Effect of Test Pressure on Tightness Test;
It cannot be generalized that high pressure always shows better leaks.
At high pressure, more gas is released from the probable deformation area, but turbulent flow of the test fluid at high pressure requires longer dwell times. In addition, more stretching of the test piece and the reference piece, if any, at high pressure will negatively affect your test result.
Effect of Temperature on Tightness Test;
The pressure drop measurement method is affected by the ambient temperature, and the body temperature heating the product when the operator doing the testing touches the product. Increasing the temperature of the test piece also causes the test air to warm up, thus increasing its pressure. If this pressure increase is more than the effect of possible small leaks on the pressure drop, even if the tested part is defective, it can be detected as approved because the pressure drop is not at a sufficient level.
Effect of Expansion on Tightness Test;
The expansion of the test piece under pressure also causes the internal volume to increase, thus reducing the test pressure. This expansion amount, which increases in direct proportion to the applied test pressure, causes problems in distinguishing approved and faulty parts due to the pressure drop it causes. Since the material from which the test piece is made also affects this expansion amount, it is an important criterion for leak tests. This expansion continues indefinitely as an asymptote in theory. Significant completion of this expansion and the end of the turbulent flow of air before the test takes place within the period defined as stabilization, and the test process is started at the end of this period.
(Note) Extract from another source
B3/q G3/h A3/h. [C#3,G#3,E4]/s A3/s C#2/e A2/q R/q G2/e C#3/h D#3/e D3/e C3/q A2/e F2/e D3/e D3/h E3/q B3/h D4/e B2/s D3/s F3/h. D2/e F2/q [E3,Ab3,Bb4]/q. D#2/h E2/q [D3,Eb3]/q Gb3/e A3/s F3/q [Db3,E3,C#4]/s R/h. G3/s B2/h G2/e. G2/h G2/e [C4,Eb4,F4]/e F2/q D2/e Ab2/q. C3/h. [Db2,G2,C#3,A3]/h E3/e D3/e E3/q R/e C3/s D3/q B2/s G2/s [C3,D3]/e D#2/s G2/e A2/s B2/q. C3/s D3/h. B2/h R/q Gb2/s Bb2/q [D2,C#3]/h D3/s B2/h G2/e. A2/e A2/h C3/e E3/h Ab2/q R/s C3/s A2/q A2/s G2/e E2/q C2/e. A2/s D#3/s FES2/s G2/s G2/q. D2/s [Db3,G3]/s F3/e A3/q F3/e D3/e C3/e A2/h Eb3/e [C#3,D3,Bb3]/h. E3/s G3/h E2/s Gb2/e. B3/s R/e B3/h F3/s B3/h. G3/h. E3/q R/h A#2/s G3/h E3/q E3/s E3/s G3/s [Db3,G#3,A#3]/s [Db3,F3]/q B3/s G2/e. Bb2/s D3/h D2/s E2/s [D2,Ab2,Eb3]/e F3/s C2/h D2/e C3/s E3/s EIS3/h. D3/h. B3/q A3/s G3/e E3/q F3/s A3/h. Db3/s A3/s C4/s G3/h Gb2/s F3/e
The “measurement method with reference part” can be applied for leak tests of materials such as hoses made of materials such as rubber, etc., where the expansion amount is high.
The Effect of Test Preparation Phase on the Leakage Test;
The products to be tested should be prepared for tightness tests, taking into account normal use and connection conditions. The possible forces to be applied during the closing process may adversely affect the tightness tests. In addition, since closing with flexible parts will directly affect the product volume, the effects of such closing situations should be considered during the testing process.
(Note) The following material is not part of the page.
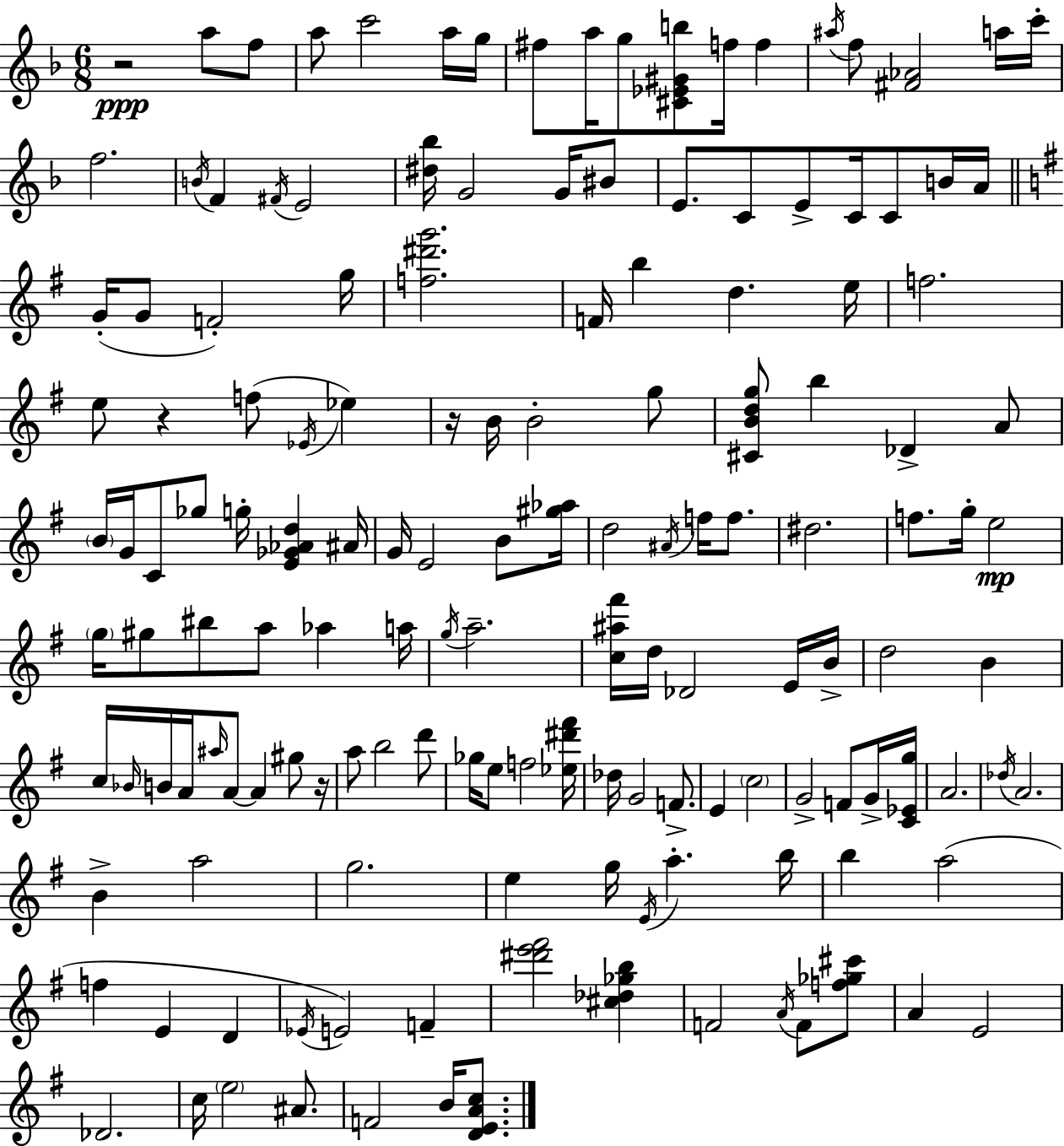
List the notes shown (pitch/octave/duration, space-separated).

Because of these effects, 0.001mBar pressure drop detection can be accepted as the practical limit.
Although more precise measurements are possible, the measurement should be made in a temperature-adjusted laboratory environment, and there should be no movement near the test piece that will create air flow and contact should be prevented.
Working at these sensitivities for mass production lines requires a special set of applications. For such applications that require a high level of precision, different methods such as tracer gas and local tightness tests will be more useful in the mass production phase.